The summary below describes major new features, items of note and breaking changes. The full list of issues is also available for those with access to the Encodo issue tracker.

Highlights

In the beta1 and beta2 release notes, we read about changes to configuration, dependency reduction, the data driver architecture, DDL commands, security and access control in web applications and a new code-generation format.

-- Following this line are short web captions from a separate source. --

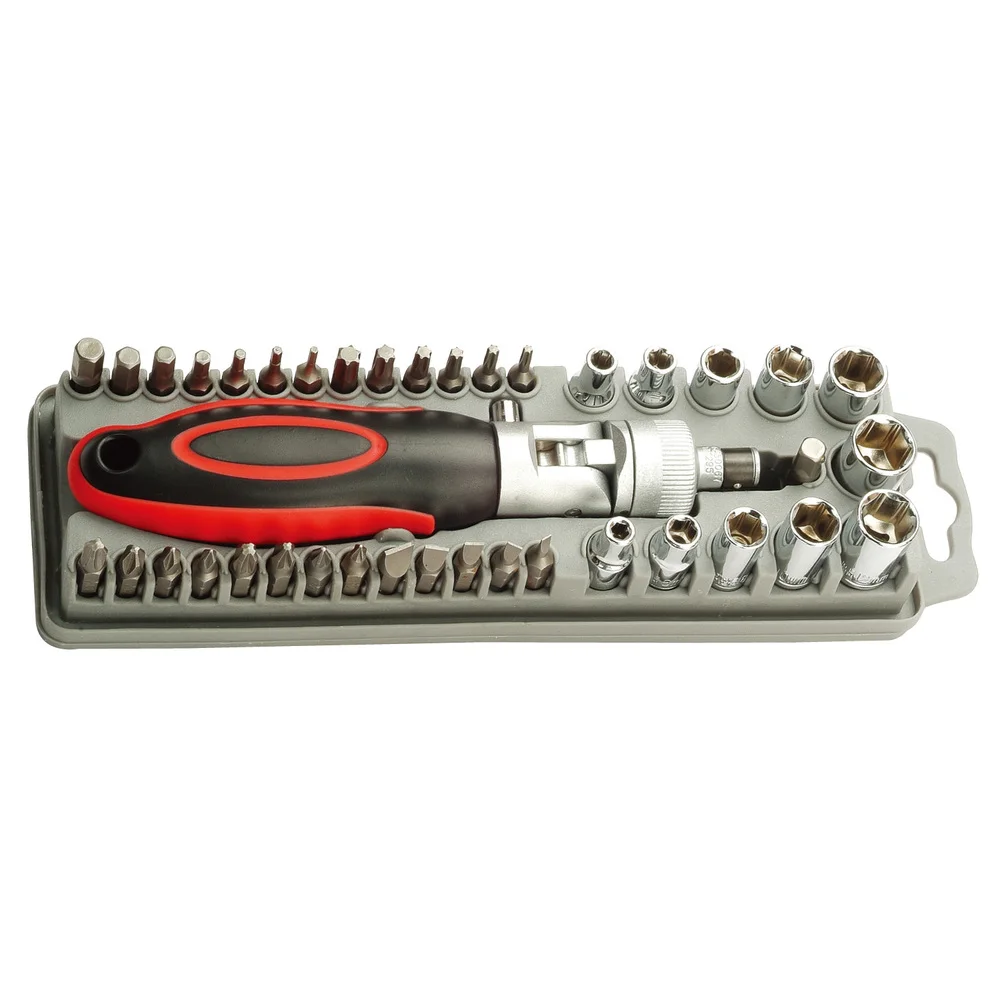 SD-2309 40Pcs Reversible Ratchet Screwdriver Multi Tool W/Bits&Sockets Set Hand Tools Screwdriver Set Torx Hex SD-2309 40Pcs Reversible Ratchet Screwdriver Multi Tool W/Bits&Sockets Set Hand Tools Screwdriver Set Torx Hex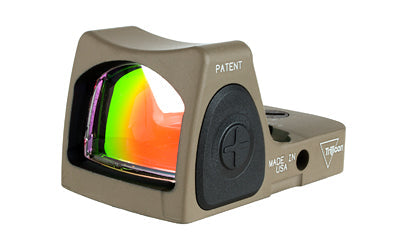 Trijicon Trijicon Dual Defense Kit - RMR - Reflex Sight - Red Dot - 3.25 MOA - Adjustable LED - Flat Dark Earth - Includes M17/18 Mount with Integrated Suppressor/Optic Height Sights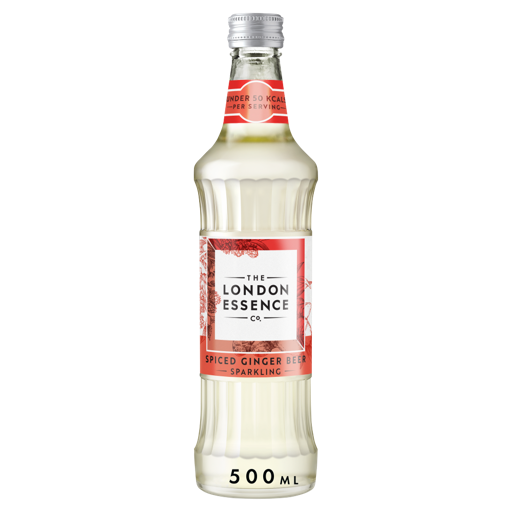 LONDON ESSENCE GINGERBEER 8 X500 ML
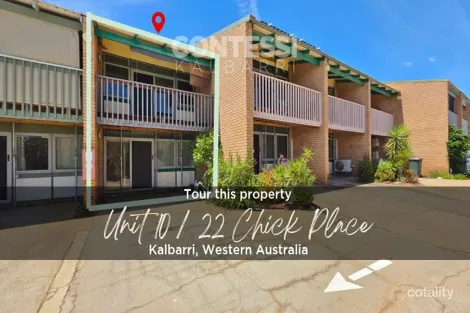 10/22 Chick Pl, Kalbarri, WA 6536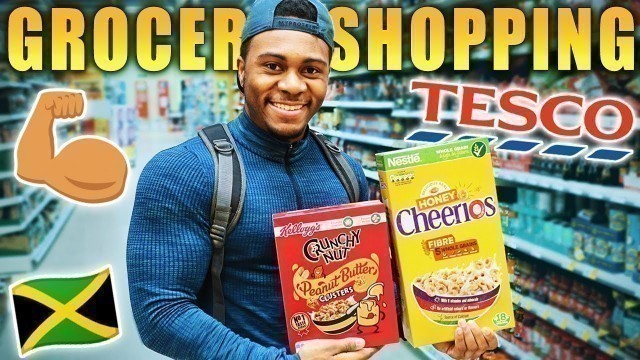 'My Biggest Diet Tips To Build Muscle - Grocery Shopping at Tesco!'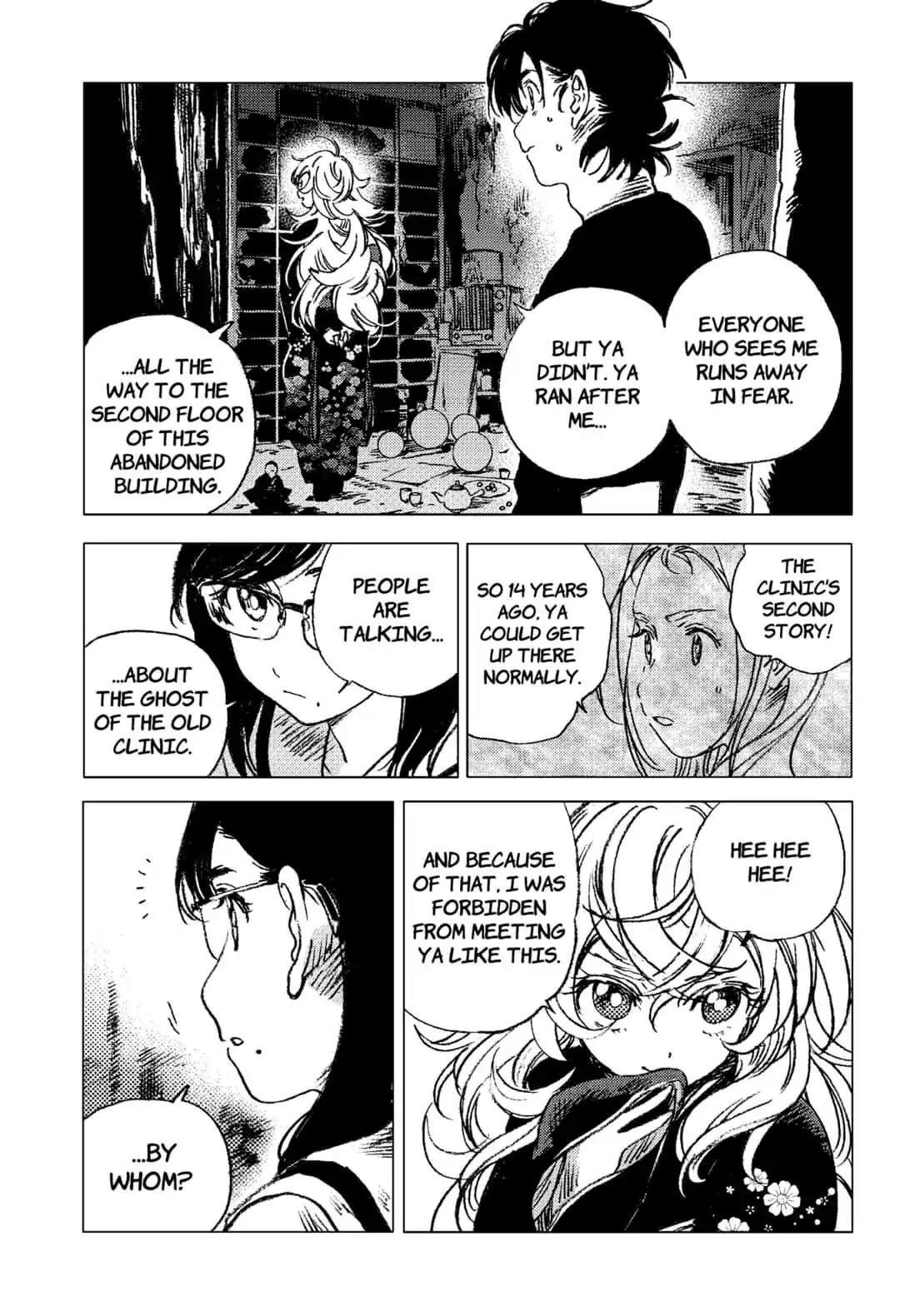 Summer Time Render Chapter 69 - Page 4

In 2.0 final -- which was actually released internally on November 13th, 2015 (a Friday) -- we made the following additional improvements:

These notes are being published for completeness and documentation. The first publicly available release of Quino 2.x will be 2.1 or higher (release notes coming soon).

Breaking changes

imageAs we've mentioned before, this release is absolutely merciless in regard to backwards compatibility. Old code is not retained as Obsolete. Instead, a project upgrading to 2.0 will encounter compile errors.

The following notes serve as an incomplete guide that will help you upgrade a Quino-based product.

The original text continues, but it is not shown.